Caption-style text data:
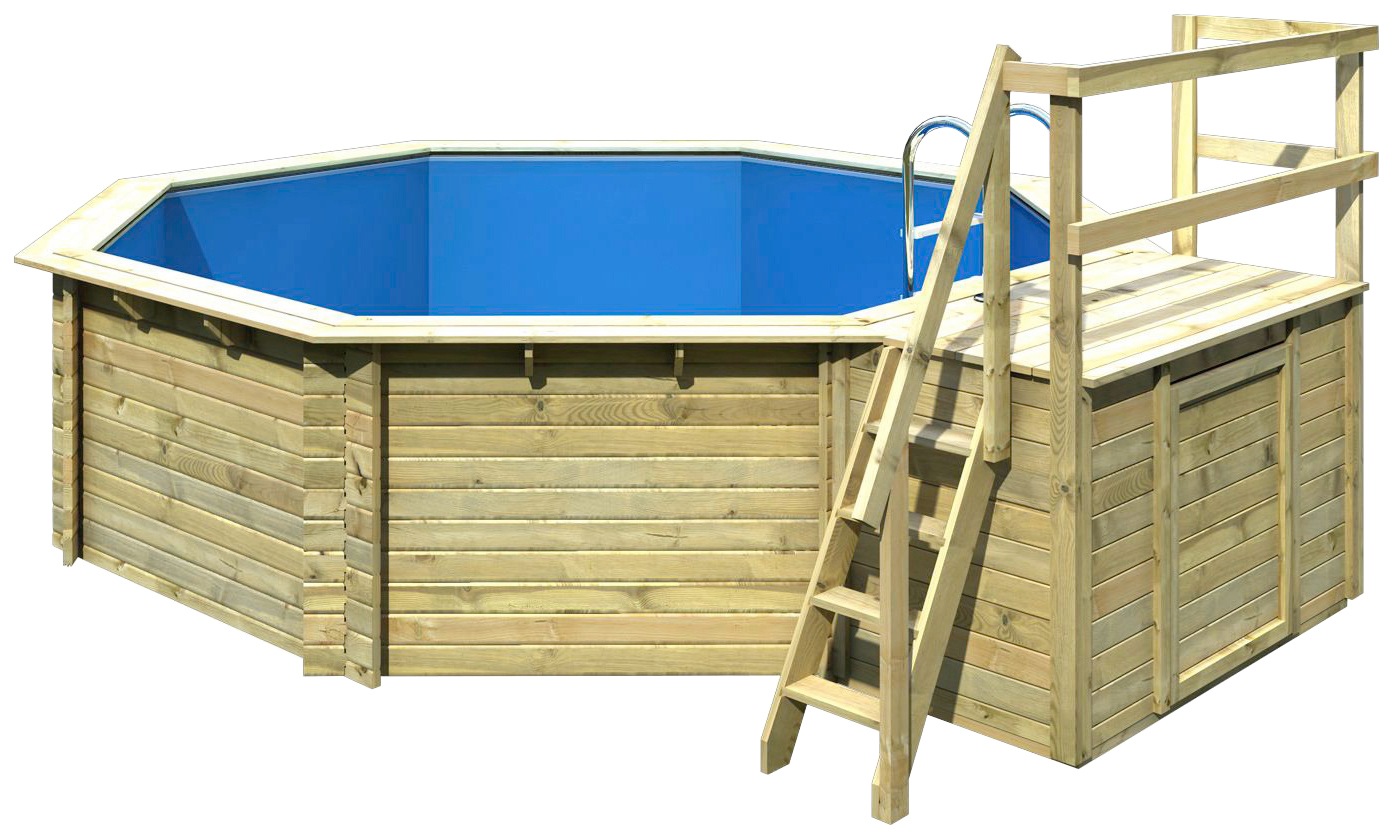Karibu Achteckpool »TOSCANA Set B ØxH: 428x124 cm« 38 mm kesseldruckimprägniertes Fichtenholz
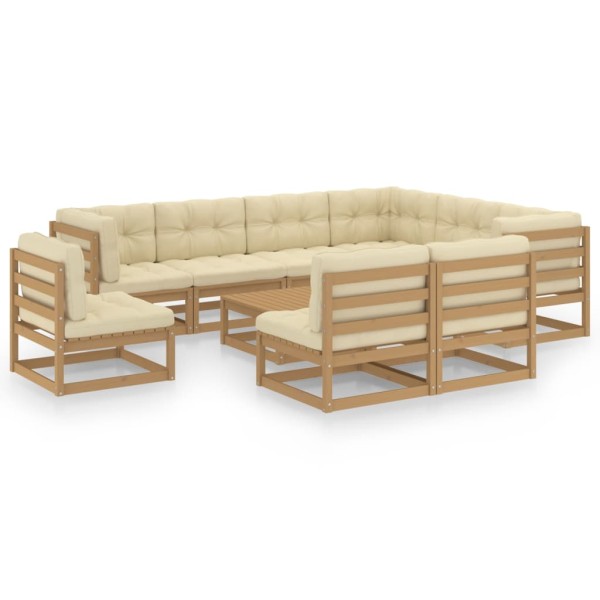 Set de muebles de jardín 10 pzs cojines madera pino marrón miel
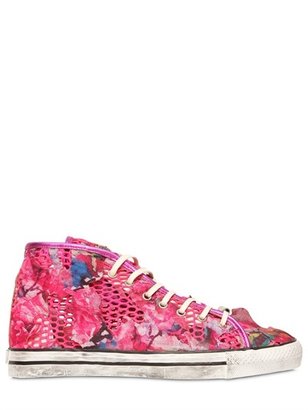 Dioniso Black Printed Canvas & Mesh High Top Sneakers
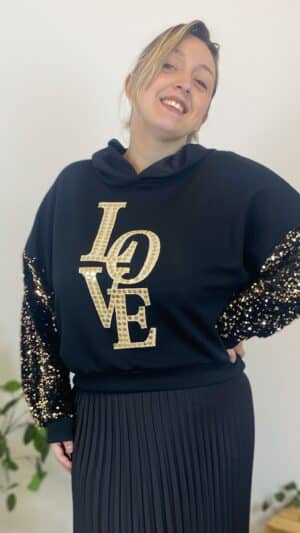 Sweat Love à capuche manches sequins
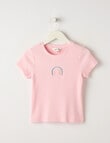 Mac & Ellie Rainbow Short Sleeve Rib Tee, Baby Pink product photo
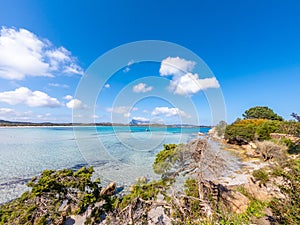 Lu Impostu beach under a blue sky in springtime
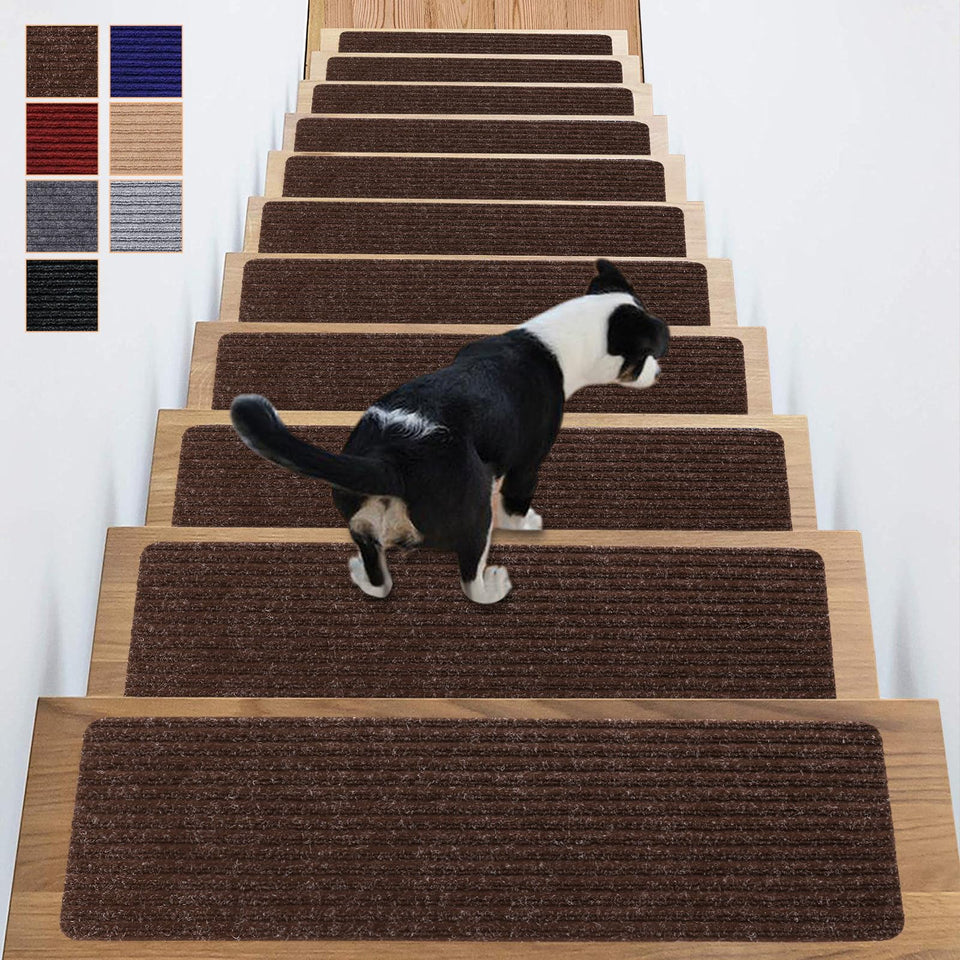 ANTDLE stair treads non-slip top view for safer footing on indoor stairs.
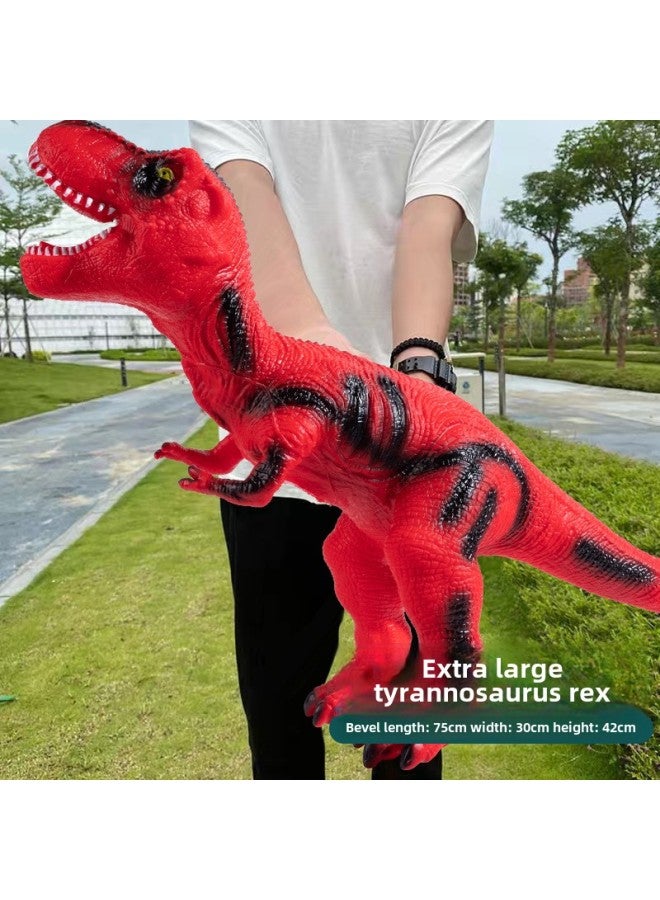 Large Soft Rubber Dinosaur Toy Simulation Plastic Animal Model Sound Early Education Bavaregre Children's Carpet Wholesale-Color:68cm Red Tyrannosaurus Rex-Specifications:Story Music Edition - Image 1
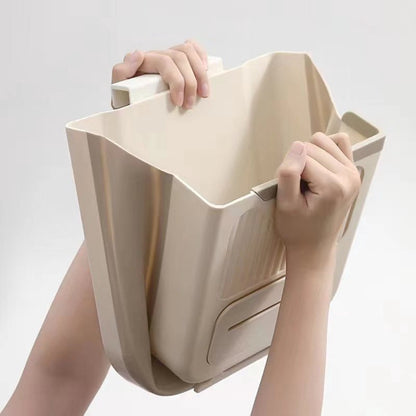 Waste Bin - Hanging Waste Bin - Foldable Waste Bin - Capacity: 7 Liters - Space-Saving Design - Suitable for Kitchens, Cabinet Doors, Bathrooms, Campers, Cars and Camping (White) - Image 6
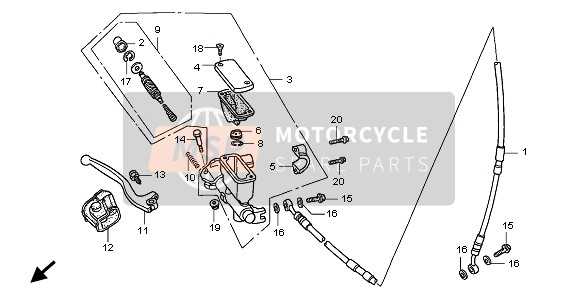 Honda CR125R 1999 HAUPTBREMSZYLINDER VORNE für ein 1999 Honda CR125R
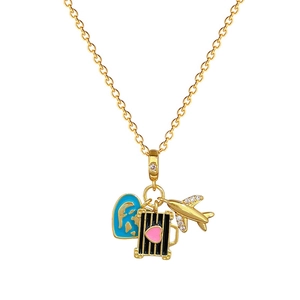 Golden titanium necklace featuring blue earth, pink luggage and diamond airplane charms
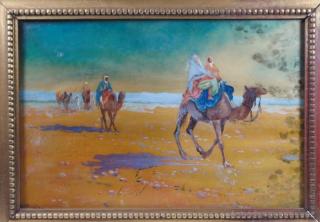 Appraisal: M Boris Orientalist Landscape Oil WC Painting EUROPE EARLY TH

WHAT THE TASK ASKS
Write out again, exactly, each line from the one containing "Golden titanium necklace" through the last line of the entries, and omit every picture.

OUTPUT
 Golden titanium necklace featuring blue earth, pink luggage and diamond airplane charms
 Appraisal: M Boris Orientalist Landscape Oil WC Painting EUROPE EARLY TH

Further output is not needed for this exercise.